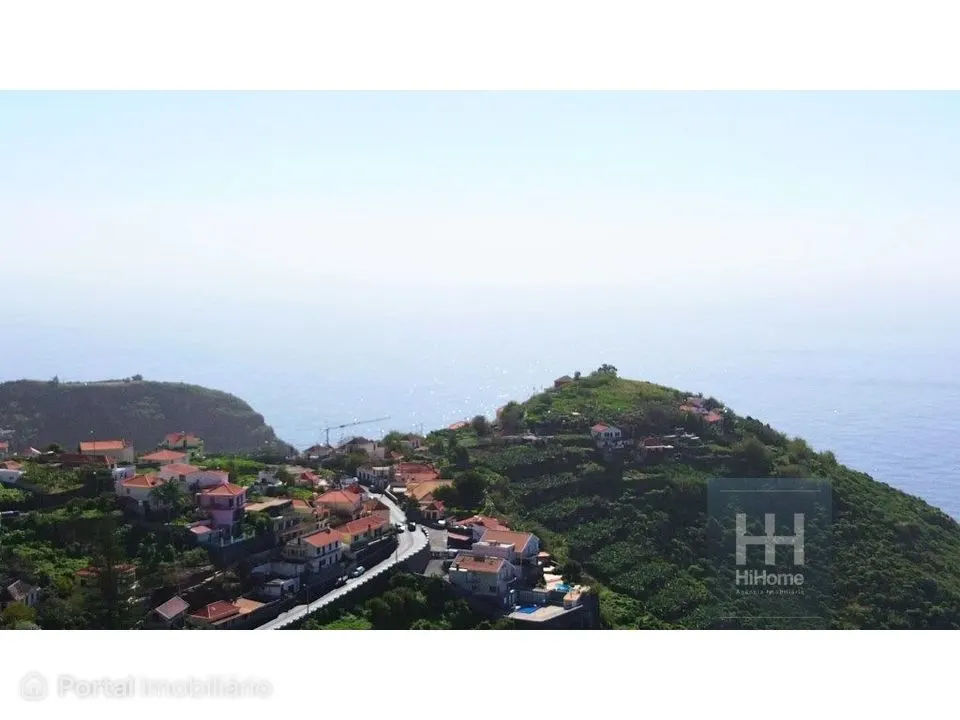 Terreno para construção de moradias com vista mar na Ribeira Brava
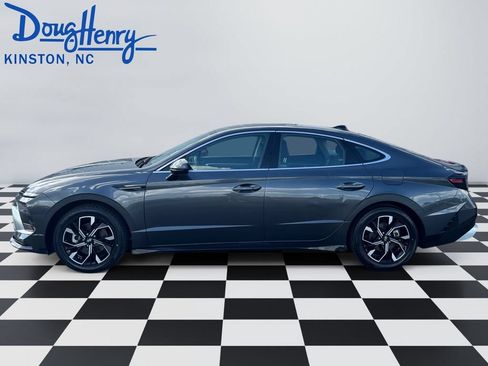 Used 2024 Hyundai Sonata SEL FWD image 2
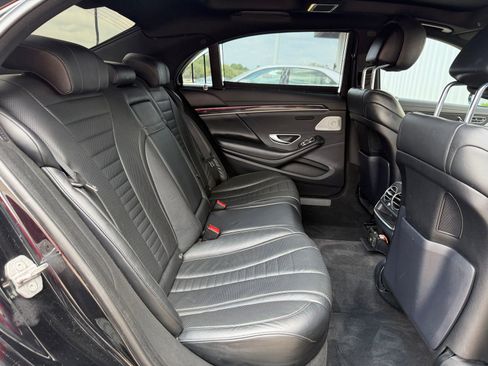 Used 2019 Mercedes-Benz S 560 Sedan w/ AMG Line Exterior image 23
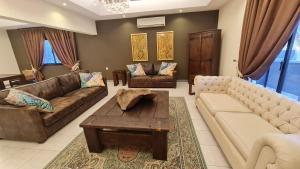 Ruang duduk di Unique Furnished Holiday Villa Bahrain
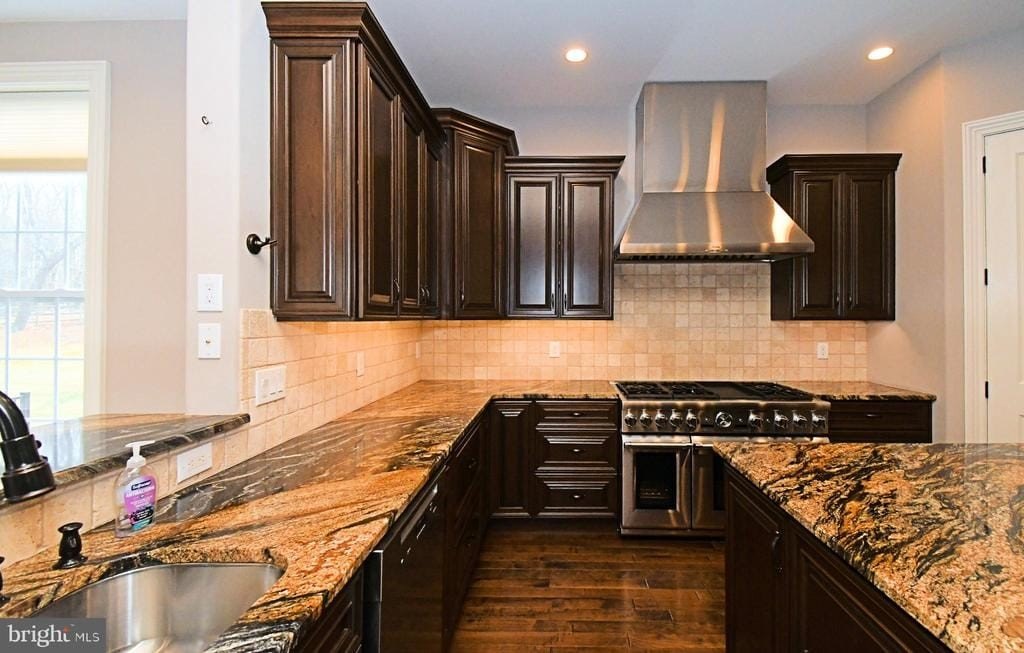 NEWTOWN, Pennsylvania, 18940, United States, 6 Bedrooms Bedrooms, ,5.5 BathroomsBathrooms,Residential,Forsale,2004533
——————
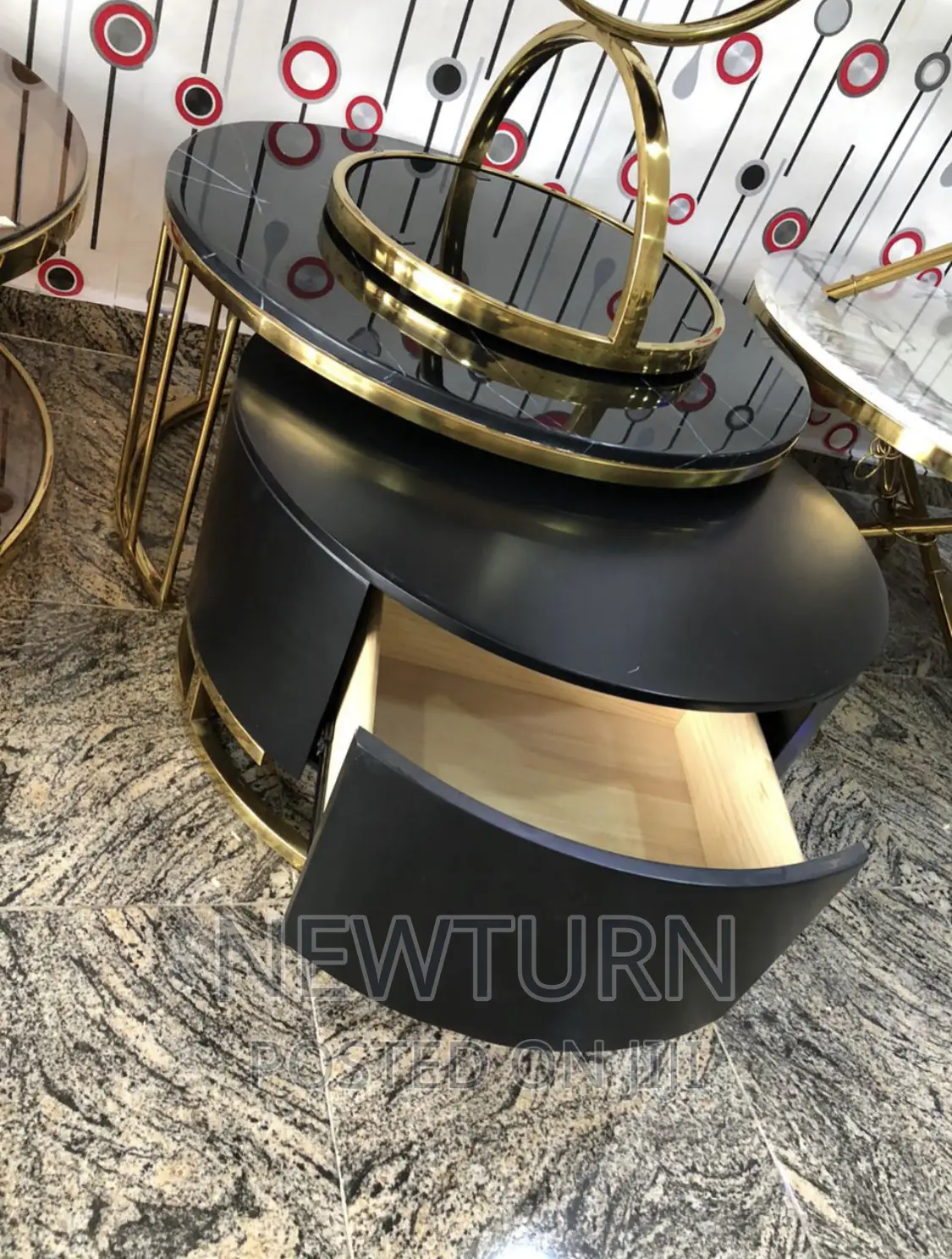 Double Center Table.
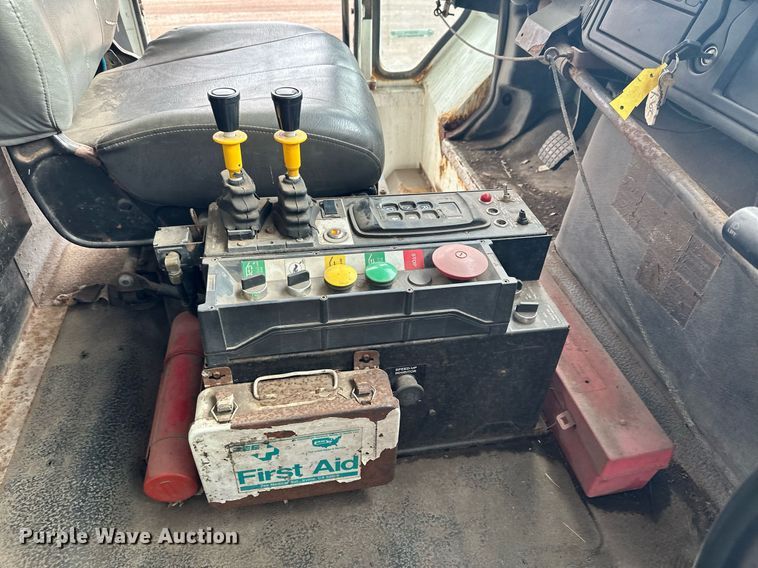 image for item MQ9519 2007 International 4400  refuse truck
——————
→ **DESCRIPTION OF THE TASK**:
When you reach the line that has "Double Center Table." in the data above, start repeating lines exactly, and stop after the line that has "image for item"; pictures stay out.

→ **SOLVED EXERCISE**:
 Double Center Table.
 image for item MQ9519 2007 International 4400  refuse truck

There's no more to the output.